| Recorded data |
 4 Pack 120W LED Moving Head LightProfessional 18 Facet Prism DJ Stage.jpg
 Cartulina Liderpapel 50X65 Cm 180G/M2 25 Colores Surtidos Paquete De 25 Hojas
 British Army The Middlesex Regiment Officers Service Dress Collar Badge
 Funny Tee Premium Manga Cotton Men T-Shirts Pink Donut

==

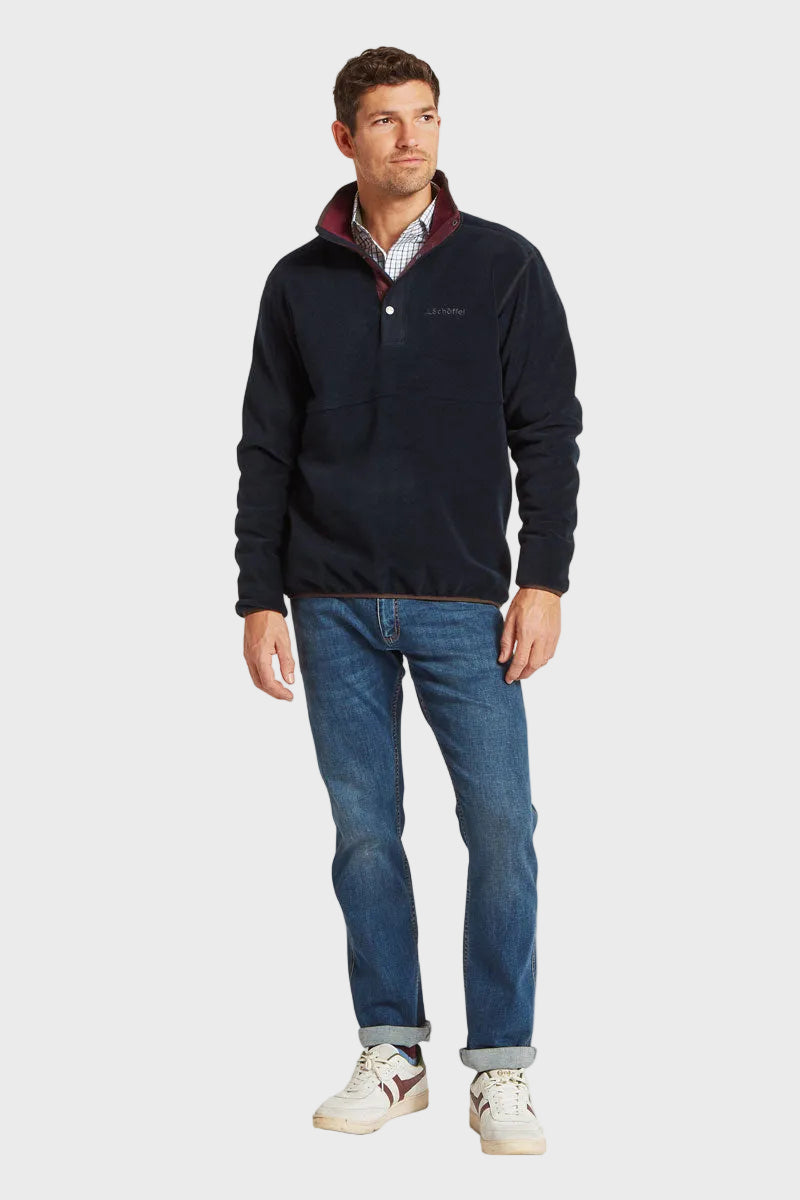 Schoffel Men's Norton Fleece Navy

| Work instructions |
Please give an exact copy of the entries above, from the line with "4 Pack 120W" down to the line with "Funny Tee Premium", inclusive, and nothing else.

| Reply to the exercise |
 4 Pack 120W LED Moving Head LightProfessional 18 Facet Prism DJ Stage.jpg
 Cartulina Liderpapel 50X65 Cm 180G/M2 25 Colores Surtidos Paquete De 25 Hojas
 British Army The Middlesex Regiment Officers Service Dress Collar Badge
 Funny Tee Premium Manga Cotton Men T-Shirts Pink Donut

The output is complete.